In India too, there are numerous examples of how humans and wildlife have coexisted in perfect symbiosis for centuries. Take the case of the Raika community in Rajasthan, who herd camels, goats and sheep. Wrongly blamed for deforestation, they are actually doing their bit to keep the phenomenon of desertification in check.
To document this, I travelled to the tropical dry deciduous Kumbalgarh forest in Pali district a few months ago. This is the grazing ground for camel herders of the Raika community since time immemorial. Sizzling with excitement on a peak summer day, I followed two members of the Raika community, Tanya Raika and Bhagwan Raika, along with nomadic Rabari herders. Their herd comprised about 50 camels, and we travelled through the rocky hills into the jungle of Kumbalgarh.
The dry forest comprises identical-looking small thorny trees—orabjio (Acacia leucophloea), khejri (Prosopis cineraria) or the desi babool (Acacia nilotica). After several hours of walking in the scorching sun, the men sat down to rest under the thin shadow of a babool tree, while the herd dispersed in the forest to graze.
“Where can I get water?” I asked the two men, pointing to my empty bottle. “No water,” they replied, looking least bothered.
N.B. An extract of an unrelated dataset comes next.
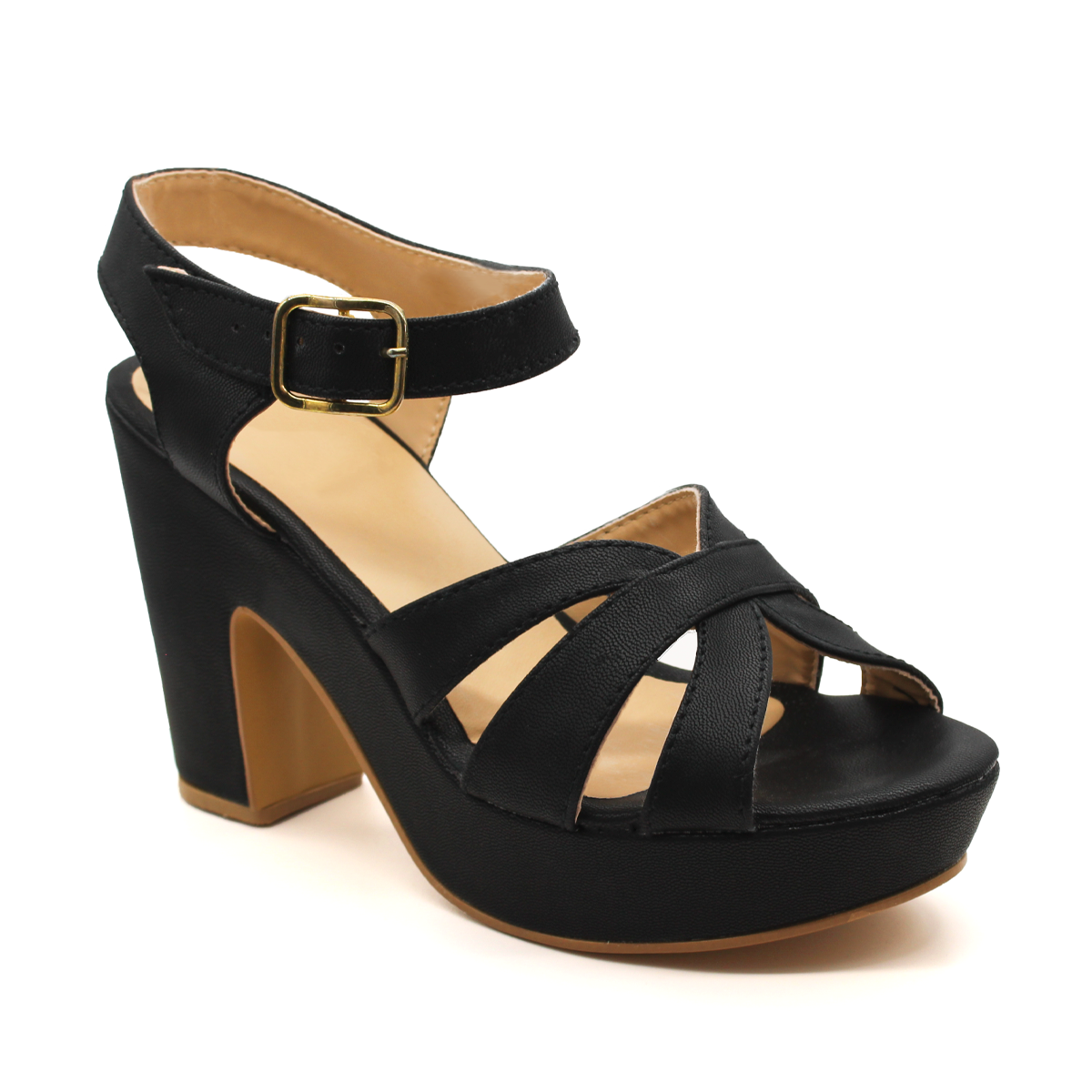 Sandalia con Tacón Exterior Piel Sintética Color Negro Para Mujer De RBCOLLECTION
I looked around… in the middle of this despairingly bone dry jungle, searching for an answer, desperately.
Then Tanya Raika got up and caught one of the lactating female camels. He tied the front leg of the animal with a rope, so that it could not escape. And when the calf started suckling, he began to milk her. Once his chada (milking vessel) was filled to the brim, Tanya Raika pulled out an Aak leaf (calotropis) from his mighty red turban. Bhagwan did the same and offered me one. He then showed me how to fold it to make a non-leaking cup, and poured the milk into it.
“Wow! Not bad,” I said. The camel milk tasted sweet, as if sugar had been added to it. I happily quenched my thirst by gurgling down a full litre of the warm raw nutritious organic milk, a treat for a health freak like me.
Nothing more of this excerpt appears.